The normality of data was determined to decide the nature of the statistical test to be used (see Supplementary Materials). As there was a mix of normality amongst the metrics analyzed, both parametric testing (t-test) and non-parametric test (Wilcoxon paired) were used. The metrics investigated were acquired from each participant’s data for the RH component (see Figure 5 for visualization depth of data collected). The RH component provides information on the oxygen saturation within muscle tissue, whilst the first derivative test provides deeper vasculature information.

Figure 5

Figure 5. Muscle oxygenation $(Sm{O}_2)$ and rate of change of $Sm{O}_2$ data collected for 21 participants (grey line) with Mean (solid line with circle marks) $\pm$ standard deviation (SD) (band around solid line): (a) $Sm{O}_2$ for 150 mmHg, (b) rate of change of $Sm{O}_2$ for 150 mmHg, (c) $Sm{O}_2$ for 200 mmHg, (d) rate of change of $Sm{O}_2$ for 200 mmHg.

Figures 6, 7 illustrate how each metric changes with the pressure. The Max $Sm{O}_2$ and peak of slope value from the derivative of the RH component when comparing 150–200 mmHg suggest statistical significance, while the remaining metrics, time to max muscle oxygen saturation, time at peak slope, and FWHM do not display statistically significant results. (See Table 2 for summary of all results).

Figure 6

Figure 6. Boxplots of metrics from the reactive hyperemic (RH) component: (a) Maximum muscle oxygenation in percent (%) (150 mmHg: $61.2\pm 18.4$, 200 mmHg: $73.6\pm 10.4$; $p=0.0065$) and (b) Time to maximum muscle oxygenation in seconds (s) (150 mmHg: $31.0\pm 9.47$, 200 mmHg: $28.4\pm 8.53$; $p=0.235$). Data are presented as occlusion pressure: mean $\pm$ SD; p-value across participants $(n=21)$. Figure generated using GraphPad Prism (GraphPad Software, San Diego, CA, USA).

Figure 7

Figure 7. Boxplots of metrics from the first derivative of the reactive hyperemic (RH)component: (a) Time at peak of slope value in seconds (s) (150 mmHg: $9.57\pm 5.21$, 200mmHg: $10.3\pm 6.45$; $p=0.235$), (b) Peak of slope value in arbitrary units (AU) (150 mmHg: $5.11\pm 2.44$, 200mmHg: $6.51\pm 2.080$; $p=0.019$), and (c) Full width half maximum in seconds (s) (150 mmHg: $14.1\pm 3.73$, 200mmHg: $13.5\pm 4.05$; $p=0.019$).

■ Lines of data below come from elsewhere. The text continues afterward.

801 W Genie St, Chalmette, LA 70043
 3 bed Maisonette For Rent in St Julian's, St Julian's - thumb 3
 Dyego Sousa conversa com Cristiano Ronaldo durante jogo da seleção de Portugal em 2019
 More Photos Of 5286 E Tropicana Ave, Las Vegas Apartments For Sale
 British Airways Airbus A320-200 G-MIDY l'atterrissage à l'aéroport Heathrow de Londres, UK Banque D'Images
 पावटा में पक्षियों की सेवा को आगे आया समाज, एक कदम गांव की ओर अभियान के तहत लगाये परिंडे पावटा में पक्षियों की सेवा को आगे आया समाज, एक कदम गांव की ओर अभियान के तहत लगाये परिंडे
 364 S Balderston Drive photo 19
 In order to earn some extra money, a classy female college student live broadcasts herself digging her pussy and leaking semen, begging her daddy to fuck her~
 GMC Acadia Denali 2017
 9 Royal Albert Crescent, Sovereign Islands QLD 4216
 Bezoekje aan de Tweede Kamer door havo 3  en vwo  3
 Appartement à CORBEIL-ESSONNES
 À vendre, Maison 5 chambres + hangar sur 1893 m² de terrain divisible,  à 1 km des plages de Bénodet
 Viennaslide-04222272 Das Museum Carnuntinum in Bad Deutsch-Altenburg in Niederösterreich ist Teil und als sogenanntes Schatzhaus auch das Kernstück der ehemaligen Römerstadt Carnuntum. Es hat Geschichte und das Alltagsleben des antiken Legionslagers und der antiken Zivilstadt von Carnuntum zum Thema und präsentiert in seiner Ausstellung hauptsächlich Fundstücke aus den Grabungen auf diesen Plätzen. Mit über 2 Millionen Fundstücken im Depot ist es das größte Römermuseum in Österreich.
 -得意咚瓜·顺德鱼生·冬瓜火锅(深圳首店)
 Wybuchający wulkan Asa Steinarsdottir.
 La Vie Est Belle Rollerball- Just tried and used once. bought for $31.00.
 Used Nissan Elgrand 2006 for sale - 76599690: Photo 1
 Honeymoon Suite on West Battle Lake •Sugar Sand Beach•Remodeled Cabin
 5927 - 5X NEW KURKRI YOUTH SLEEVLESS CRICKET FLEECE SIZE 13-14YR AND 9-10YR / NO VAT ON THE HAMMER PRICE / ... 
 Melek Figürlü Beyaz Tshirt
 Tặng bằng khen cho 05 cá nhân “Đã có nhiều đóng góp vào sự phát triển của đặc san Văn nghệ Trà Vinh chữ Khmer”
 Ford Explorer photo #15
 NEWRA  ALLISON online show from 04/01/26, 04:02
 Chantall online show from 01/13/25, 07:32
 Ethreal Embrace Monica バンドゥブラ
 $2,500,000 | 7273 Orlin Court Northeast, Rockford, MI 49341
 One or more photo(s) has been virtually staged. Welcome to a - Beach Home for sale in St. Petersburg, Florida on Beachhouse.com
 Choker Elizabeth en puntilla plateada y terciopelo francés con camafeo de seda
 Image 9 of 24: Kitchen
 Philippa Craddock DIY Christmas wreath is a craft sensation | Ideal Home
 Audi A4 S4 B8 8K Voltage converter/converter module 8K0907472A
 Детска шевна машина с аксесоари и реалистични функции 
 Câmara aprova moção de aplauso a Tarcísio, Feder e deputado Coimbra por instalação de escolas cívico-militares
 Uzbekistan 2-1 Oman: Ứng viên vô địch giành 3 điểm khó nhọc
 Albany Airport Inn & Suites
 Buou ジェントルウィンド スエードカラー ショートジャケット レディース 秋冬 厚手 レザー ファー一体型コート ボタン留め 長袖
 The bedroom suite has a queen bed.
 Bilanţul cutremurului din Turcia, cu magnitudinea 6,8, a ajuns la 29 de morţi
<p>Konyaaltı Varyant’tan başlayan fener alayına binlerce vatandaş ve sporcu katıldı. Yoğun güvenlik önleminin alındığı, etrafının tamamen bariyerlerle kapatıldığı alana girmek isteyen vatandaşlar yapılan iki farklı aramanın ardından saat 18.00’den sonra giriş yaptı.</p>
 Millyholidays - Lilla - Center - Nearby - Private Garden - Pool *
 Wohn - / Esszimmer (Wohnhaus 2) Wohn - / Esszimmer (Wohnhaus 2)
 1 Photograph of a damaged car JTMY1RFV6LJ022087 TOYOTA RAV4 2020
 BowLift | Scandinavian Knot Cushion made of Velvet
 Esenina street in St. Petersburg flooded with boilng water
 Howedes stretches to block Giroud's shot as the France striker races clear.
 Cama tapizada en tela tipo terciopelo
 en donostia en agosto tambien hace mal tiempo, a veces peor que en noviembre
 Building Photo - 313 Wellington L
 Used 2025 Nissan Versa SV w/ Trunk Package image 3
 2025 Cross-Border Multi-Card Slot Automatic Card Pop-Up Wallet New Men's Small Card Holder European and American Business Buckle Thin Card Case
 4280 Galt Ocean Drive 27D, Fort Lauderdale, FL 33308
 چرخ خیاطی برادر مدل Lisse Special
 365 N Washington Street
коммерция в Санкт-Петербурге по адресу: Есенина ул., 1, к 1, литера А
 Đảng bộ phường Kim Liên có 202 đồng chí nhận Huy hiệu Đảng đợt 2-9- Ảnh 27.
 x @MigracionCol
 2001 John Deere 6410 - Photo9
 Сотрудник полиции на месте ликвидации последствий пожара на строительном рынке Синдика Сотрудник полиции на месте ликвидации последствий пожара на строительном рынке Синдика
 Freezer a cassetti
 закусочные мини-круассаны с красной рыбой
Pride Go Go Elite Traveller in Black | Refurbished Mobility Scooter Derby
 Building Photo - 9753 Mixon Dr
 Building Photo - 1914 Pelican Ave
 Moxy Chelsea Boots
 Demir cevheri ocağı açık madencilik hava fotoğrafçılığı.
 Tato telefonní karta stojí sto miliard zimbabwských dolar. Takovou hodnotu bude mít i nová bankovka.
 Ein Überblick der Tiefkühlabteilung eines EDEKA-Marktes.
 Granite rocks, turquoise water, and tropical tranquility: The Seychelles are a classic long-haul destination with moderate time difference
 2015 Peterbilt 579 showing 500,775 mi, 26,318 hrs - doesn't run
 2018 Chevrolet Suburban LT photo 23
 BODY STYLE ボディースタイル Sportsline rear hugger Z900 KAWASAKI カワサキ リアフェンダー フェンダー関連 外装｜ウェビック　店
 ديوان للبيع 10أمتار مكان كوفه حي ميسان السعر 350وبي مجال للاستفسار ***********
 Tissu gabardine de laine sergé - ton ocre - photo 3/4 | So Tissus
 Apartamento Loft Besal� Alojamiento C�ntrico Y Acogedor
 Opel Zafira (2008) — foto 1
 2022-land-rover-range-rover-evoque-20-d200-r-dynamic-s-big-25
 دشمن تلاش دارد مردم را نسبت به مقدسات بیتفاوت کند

Data are presented as occlusion pressure: mean $\pm$ SD; p-value across participants $(n=21)$. Generated using GraphPad Software, San Diego, CA, USA.

Table 2

Table 2. Summary of results found for each metric, including mean $\pm$ SD for each pressure, the statistical test performed, and the corresponding p-value.

Statistically significant differences were observed in the maximum $Sm{O}_2$ and peak of slope value (max $Sm{O}_2$ rate of change) across participants, indicating that higher occlusion pressures enhance both the magnitude and the rate of oxygen resaturation during reperfusion. Physiologically, a more substantial ischemic stimulus is produced from the larger pressure cuff, as there is greater vasodilation and a more robust reactive hyperemic response upon cuff release. This means that the larger pressure not only increased the oxygenation but it also increased the number of vasodilators to ensure a larger rush of blood.

In contrast, there are no significant differences in the temporal metrics analyzed (time to maximum $Sm{O}_2$, time to peak slope, and FWHM). This indicated that although the magnitude of the RH response increased at higher occlusion pressures, the timing remained conserved. Although the amount of $Hb{O}_2$ available to sustain the occluded limb varies with pressure, this does not alter the time required for oxygenated blood to reach the muscle upon cuff release. This suggests that the magnitude of oxygen delivery, rather than its temporal dynamics, more strongly influences the hemodynamic response at these pressures.

4 Discussion

The main findings of our study are that our maximum $Sm{O}_2$ and the maximum rate of change of $Sm{O}_2$ (peak slope) show statistically significant responses to the different pressures applied, with $p=0.0065$ and $p=0.019$, respectively. The mean for the two metrics at an AOP of 200 mmHg was larger than 150 mmHg (maximum $Sm{O}_2$: $74.1\pm 10.5$ vs. $65.3\pm 13.41$; maximum $dSm{O}_2/dt$: $6.5\pm 2.08$ vs. $5.10\pm 2.44$), suggesting that the amount of oxygen present at the thenar eminence at the time after ischemia increases with larger pressures. The influence of pressure on the time to the maximum $Sm{O}_2$ $(p=0.235)$, the time at the peak slope $(p=0.694)$, and FWHM $(p=0.46)$ did not differ significantly, indicating that the time for the blood to reach the thenar eminence, although varied between means, did not have statistical significance between the two groups.

These results imply that at 150 mmHg and 200 mmHg, the magnitude of reperfusion response is amplified without substantially altering the timing of vascular recovery. This may occur because the $SmO2$ recovery slope reflects the microvascular blood flow response to induced ischemia, leading to an increased oxygen deficit at higher pressures. Furthermore, as constriction increases, accumulation of vasodilators such as H+ ions, prostaglandins, K+ ions, bradykinin, endothelium-derived hyperpolarization factor and nitric oxide increase, promoting a greater oxygen supply. (Coccarelli and Nelson, 2023; Dakak et al., 1998) Endothelial NO is critical for vasodilation; inhibition of NO reduces the peak reactive hyperemic response. At higher occlusion pressures, shear stress may be more pronounced, further increasing NO-mediated dilation and thus increasing the volume of oxygenated hemoglobin passing through (Coccarelli and Nelson, 2023; Dakak et al., 1998).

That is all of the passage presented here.